### [Work instructions]
Using only the entries below, output the lines starting at the one containing "Help to those" and ending at the one containing "Triangle TR292 ( 245/70 R16 111S )", exactly and inclusive of both, omitting the pictures.

(Caption-style text data)
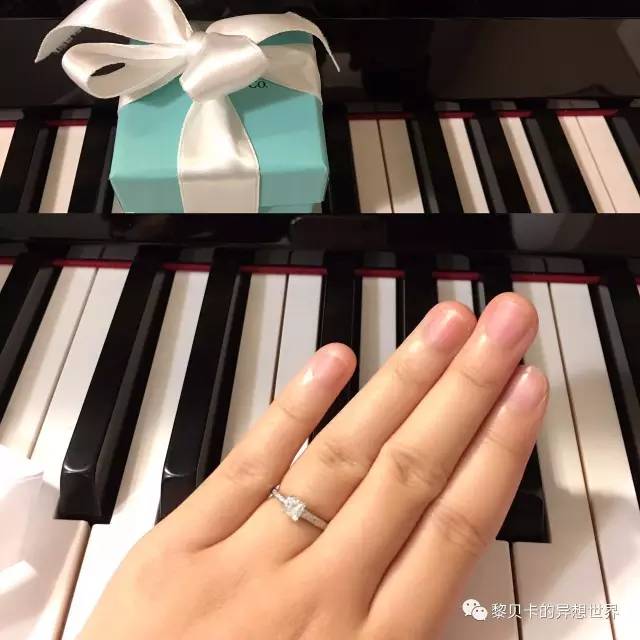 致爱我的人2020年,致爱我的人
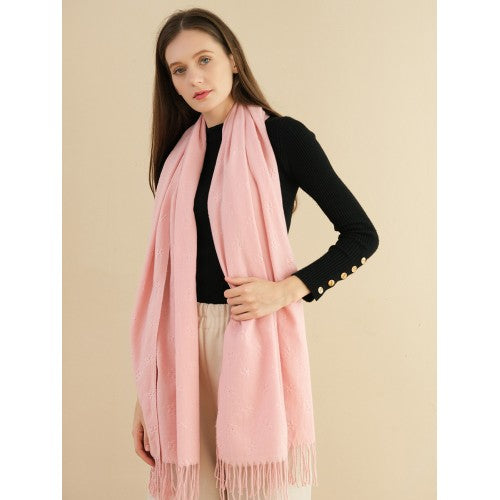 SF1232-PINK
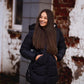 Pernille™ | Luxe All-Weather Jakke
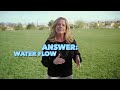 Help to those living in underground flood channels and Las Vegas has heaviest rainfall in years.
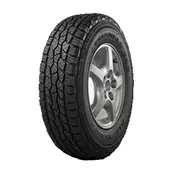 Triangle TR292 ( 245/70 R16 111S )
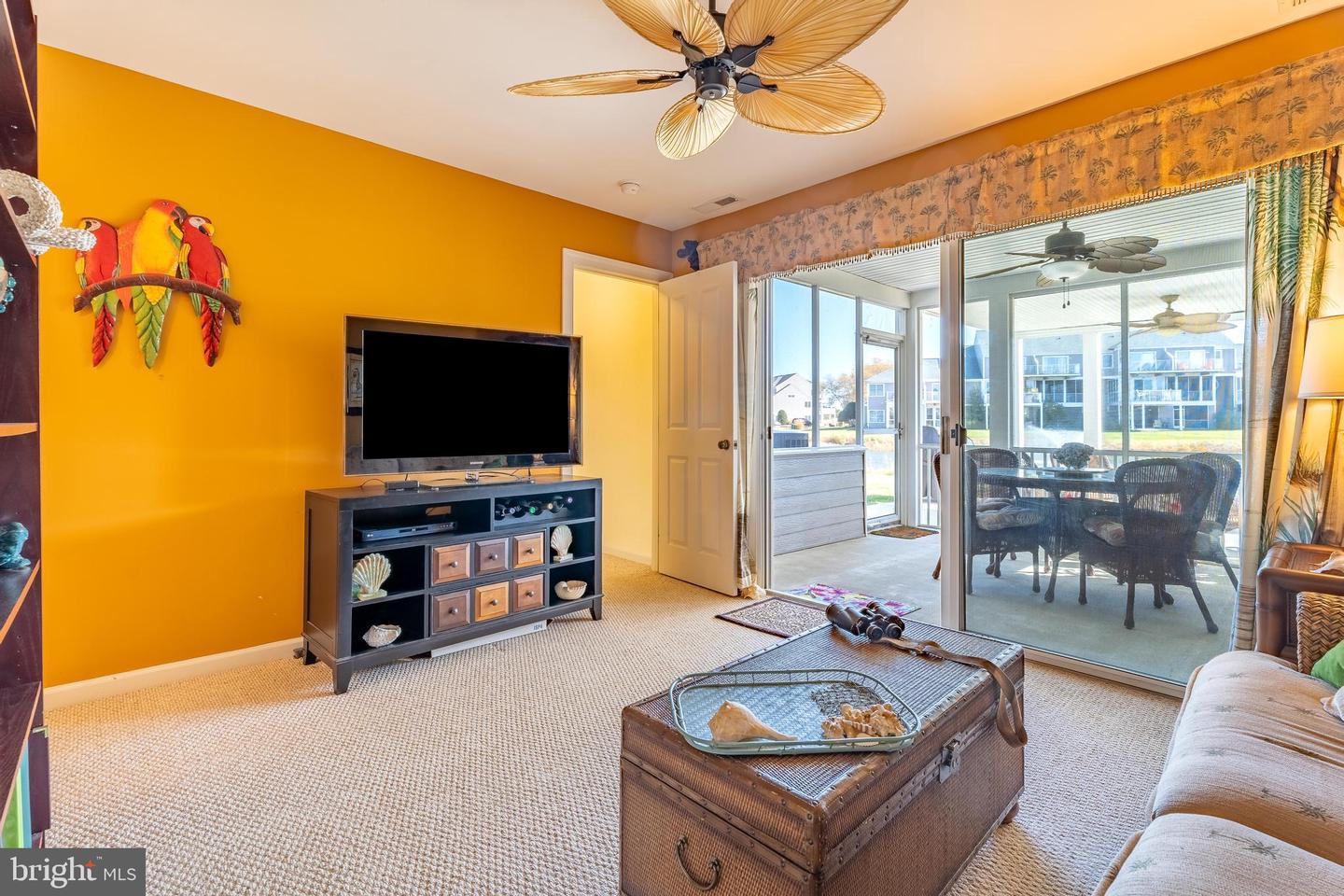 DESU2073736-803465221196-2025-04-14-12-27-20 38236 Bay Vista Dr #1193 | Selbyville, DE Real Estate For Sale | MLS# Desu2073736  - Jack Lingo REALTOR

### [Exercise solution]
 Help to those living in underground flood channels and Las Vegas has heaviest rainfall in years.
 Triangle TR292 ( 245/70 R16 111S )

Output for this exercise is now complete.